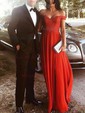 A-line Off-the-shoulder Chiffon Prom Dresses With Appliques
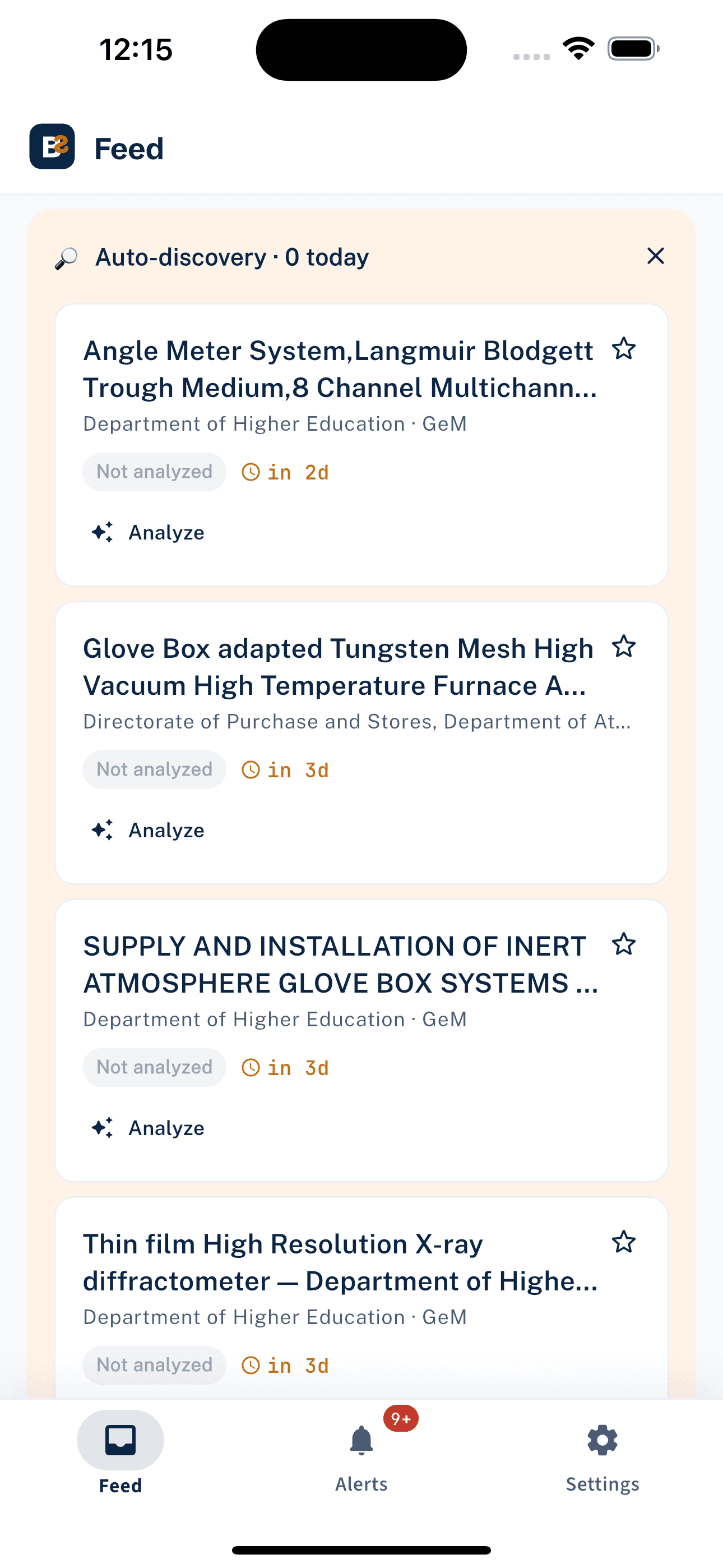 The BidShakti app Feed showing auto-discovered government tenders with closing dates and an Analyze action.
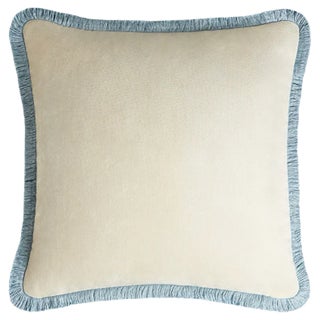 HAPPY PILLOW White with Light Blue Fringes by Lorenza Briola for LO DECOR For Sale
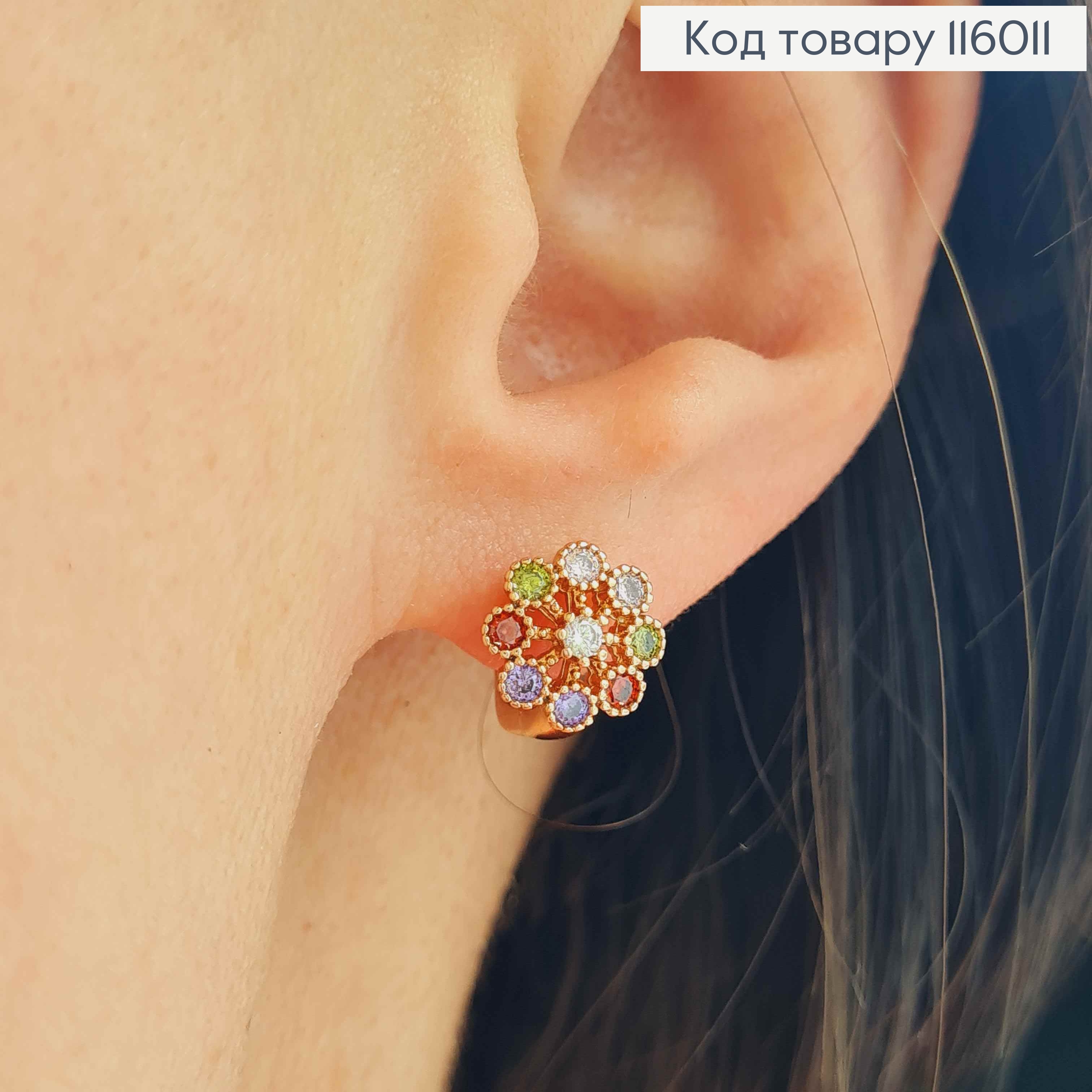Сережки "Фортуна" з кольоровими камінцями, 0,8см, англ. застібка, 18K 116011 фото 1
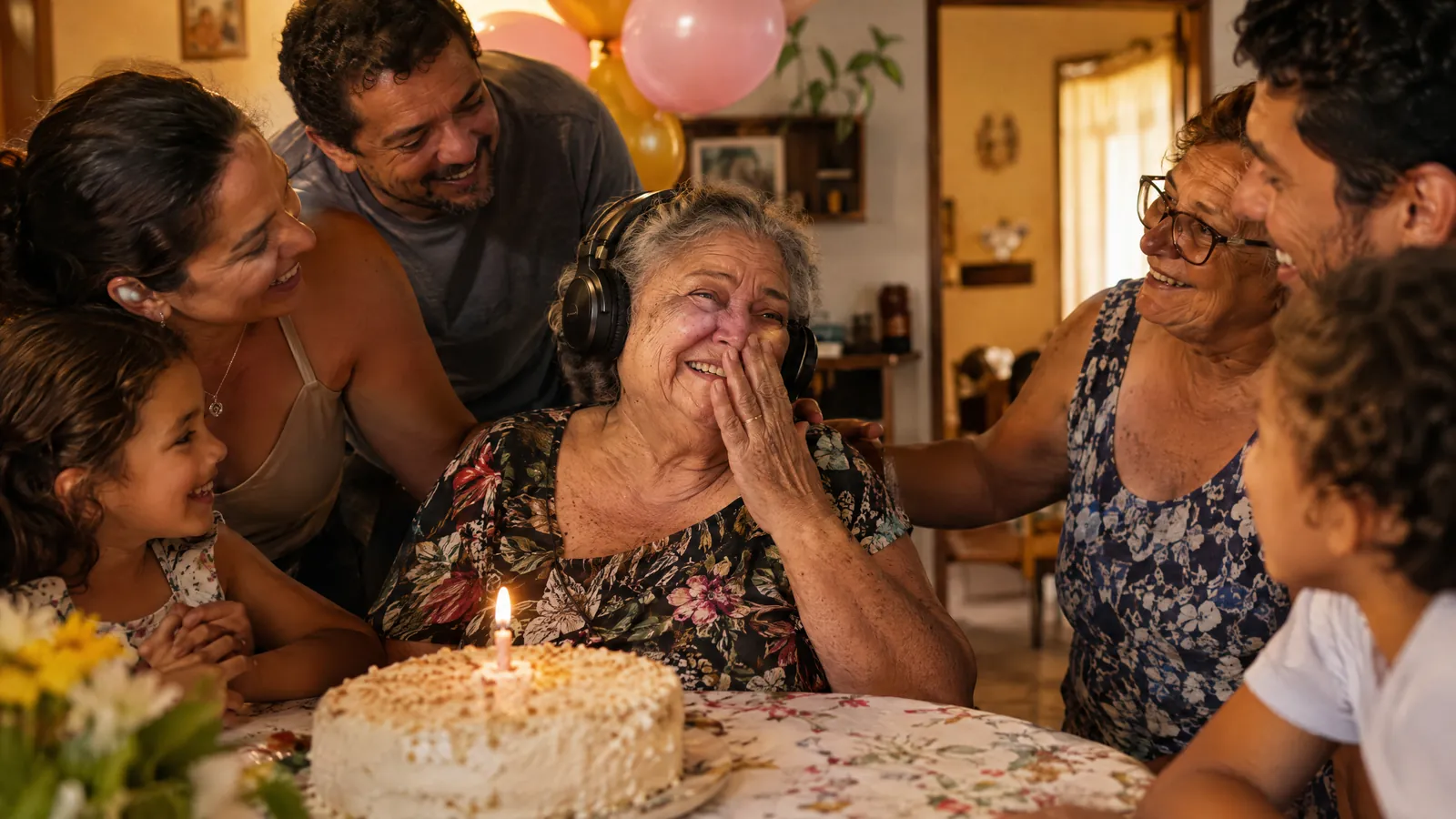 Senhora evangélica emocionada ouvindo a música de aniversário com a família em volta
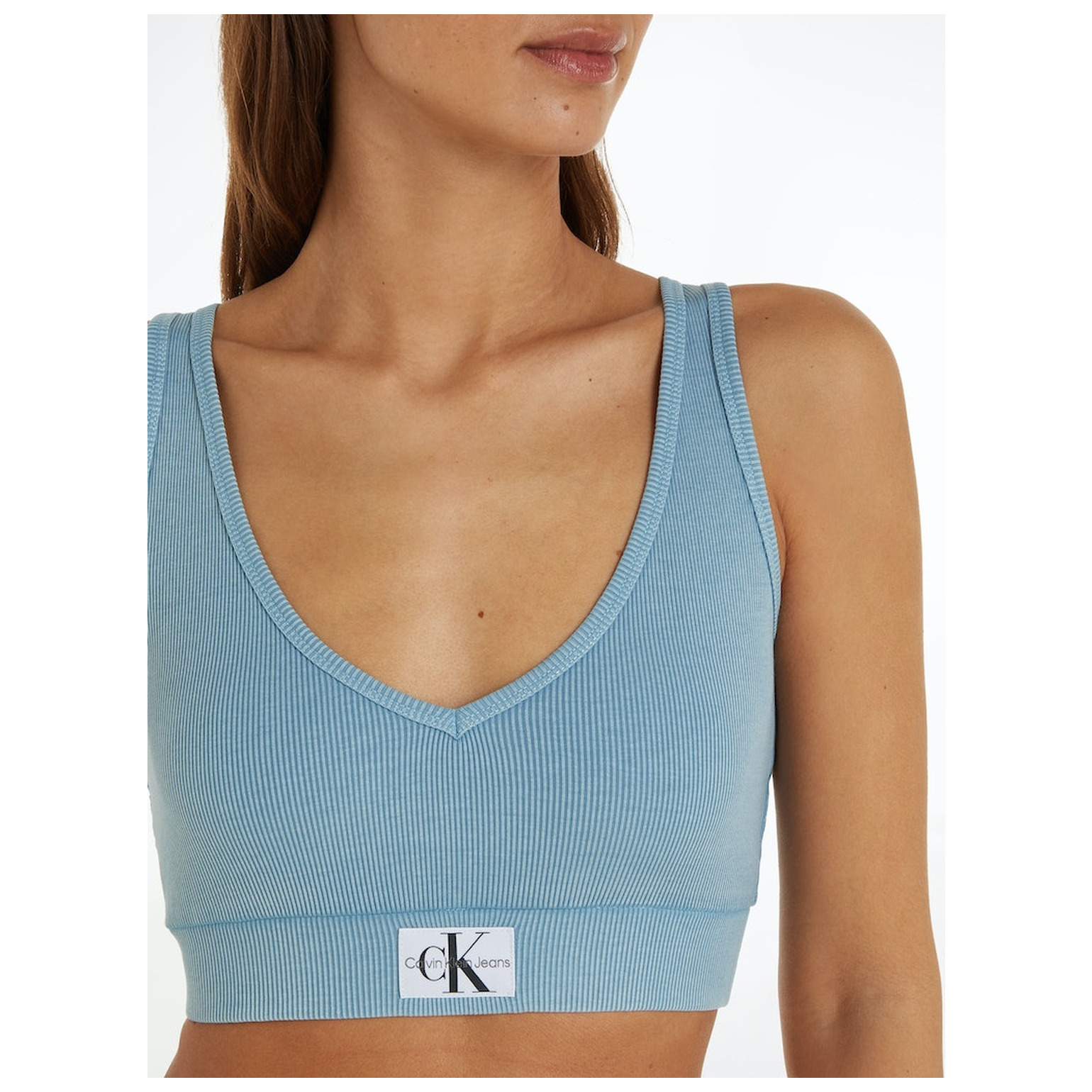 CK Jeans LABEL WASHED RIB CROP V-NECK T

## Task details:
Using the entries above, repeat exactly the lines from the one with "The BidShakti app" to the one with "116011 фото 1", both included, and leave the pictures behind.

## Finished exercise:
 The BidShakti app Feed showing auto-discovered government tenders with closing dates and an Analyze action.
 HAPPY PILLOW White with Light Blue Fringes by Lorenza Briola for LO DECOR For Sale
Сережки "Фортуна" з кольоровими камінцями, 0,8см, англ. застібка, 18K 116011 фото 1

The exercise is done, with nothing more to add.